Tenements: How They Appear Inside and Out 1872


It is undoubtedly a hard matter to be without ice in times like these, when the mercury stands 90 in the shade, but if a few of the good people of Brooklyn, who look forward with fear and trembling to a possible deprivation of this kind, could only make the trip made by an EAGLE reporter yesterday, they would return to their homes and remain there calm and contented for the next six months. The average citizen of Brooklyn, however, is not given up to the spirit of exploration, and would in all probability die ignorant of the existence near him of a locality so classic as "Smoky Hollow" but for the daily papers. Yet, even through this medium, under ordinary circumstances, no just conception of the place is to be gained, because of the halo thrown around it by the reporters, who have learned to look upon it with loving eyes as the cradle of endless sensations and the birthplace of sparkling items. There are, it has been found, more fights in this locality in a week than in any other equal extent of space in a year. Five Points, in comparison, stands back abashed.

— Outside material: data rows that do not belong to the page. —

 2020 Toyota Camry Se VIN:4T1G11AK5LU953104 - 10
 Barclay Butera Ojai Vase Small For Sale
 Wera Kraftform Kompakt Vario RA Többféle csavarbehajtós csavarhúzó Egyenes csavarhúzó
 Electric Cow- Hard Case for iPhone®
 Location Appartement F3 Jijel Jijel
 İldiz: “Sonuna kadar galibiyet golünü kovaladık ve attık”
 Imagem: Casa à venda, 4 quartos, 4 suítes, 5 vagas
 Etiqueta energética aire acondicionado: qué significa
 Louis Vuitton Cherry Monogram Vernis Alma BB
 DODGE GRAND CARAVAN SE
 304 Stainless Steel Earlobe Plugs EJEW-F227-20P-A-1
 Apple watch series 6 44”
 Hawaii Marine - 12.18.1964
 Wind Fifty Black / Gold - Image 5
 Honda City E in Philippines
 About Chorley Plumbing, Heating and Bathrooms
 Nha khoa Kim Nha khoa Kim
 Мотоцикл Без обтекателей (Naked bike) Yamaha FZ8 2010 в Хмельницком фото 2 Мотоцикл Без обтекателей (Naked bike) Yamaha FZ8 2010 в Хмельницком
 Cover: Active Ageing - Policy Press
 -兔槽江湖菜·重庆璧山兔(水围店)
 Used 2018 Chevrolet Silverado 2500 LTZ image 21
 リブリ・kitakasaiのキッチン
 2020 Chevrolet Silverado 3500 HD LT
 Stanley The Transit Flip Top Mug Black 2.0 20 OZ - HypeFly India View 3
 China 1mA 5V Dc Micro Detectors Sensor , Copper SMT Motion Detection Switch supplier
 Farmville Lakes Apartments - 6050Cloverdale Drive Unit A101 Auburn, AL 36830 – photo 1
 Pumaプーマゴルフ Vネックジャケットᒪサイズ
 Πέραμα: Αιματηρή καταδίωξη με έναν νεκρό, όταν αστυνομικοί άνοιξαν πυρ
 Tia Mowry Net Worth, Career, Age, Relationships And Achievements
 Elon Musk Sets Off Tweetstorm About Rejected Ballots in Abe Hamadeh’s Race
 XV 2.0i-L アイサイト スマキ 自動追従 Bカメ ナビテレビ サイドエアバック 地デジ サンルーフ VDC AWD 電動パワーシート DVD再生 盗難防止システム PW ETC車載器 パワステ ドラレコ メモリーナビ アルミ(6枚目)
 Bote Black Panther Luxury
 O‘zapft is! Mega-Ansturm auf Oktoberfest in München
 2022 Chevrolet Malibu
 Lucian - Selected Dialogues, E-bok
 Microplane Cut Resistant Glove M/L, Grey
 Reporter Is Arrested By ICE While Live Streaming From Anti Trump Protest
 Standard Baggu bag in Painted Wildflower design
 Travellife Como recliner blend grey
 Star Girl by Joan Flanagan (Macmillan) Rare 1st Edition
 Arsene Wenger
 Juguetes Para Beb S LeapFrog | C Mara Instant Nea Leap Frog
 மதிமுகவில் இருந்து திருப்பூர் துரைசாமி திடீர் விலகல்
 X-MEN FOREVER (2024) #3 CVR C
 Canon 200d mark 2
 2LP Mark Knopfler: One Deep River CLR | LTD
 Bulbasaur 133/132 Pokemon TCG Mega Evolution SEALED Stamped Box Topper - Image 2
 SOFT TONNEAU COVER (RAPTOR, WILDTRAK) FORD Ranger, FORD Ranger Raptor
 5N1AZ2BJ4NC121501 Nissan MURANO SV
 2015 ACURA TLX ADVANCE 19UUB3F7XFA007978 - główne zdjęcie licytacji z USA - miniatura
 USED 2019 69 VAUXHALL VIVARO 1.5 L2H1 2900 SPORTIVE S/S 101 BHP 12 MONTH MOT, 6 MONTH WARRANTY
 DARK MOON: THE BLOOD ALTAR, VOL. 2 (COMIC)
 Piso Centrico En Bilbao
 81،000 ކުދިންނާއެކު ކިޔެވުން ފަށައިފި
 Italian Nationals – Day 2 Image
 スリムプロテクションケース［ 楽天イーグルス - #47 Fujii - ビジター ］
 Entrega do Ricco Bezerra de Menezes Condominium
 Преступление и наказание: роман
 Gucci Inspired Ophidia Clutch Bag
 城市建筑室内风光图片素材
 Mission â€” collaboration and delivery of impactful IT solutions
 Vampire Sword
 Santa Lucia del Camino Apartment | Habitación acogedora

BRICK TOSSING has here reached the dignity of an art, and as a consequence whole heads are as rare as white faces in Central Africa. On Saturday evenings, all the inhabitants who can afford it travel around with umbrellas up. Experience has taught them the wisdom of this course. It is expected, however, that in the future comparative immunity will be enjoyed from attack of this kind, owing to the fact that all the chimneys and loose walls in the locality have been thrown away. But it won't do to be too sanguine about this matter, as that impulsive disposition of the younger denizens, which manifested itself last Saturday night in the demolition of a stoop, in order that no escape might be granted the fighting inmates of a house on Emmett street, may convert even the stony walls of some of the six story rookeries into ammunition.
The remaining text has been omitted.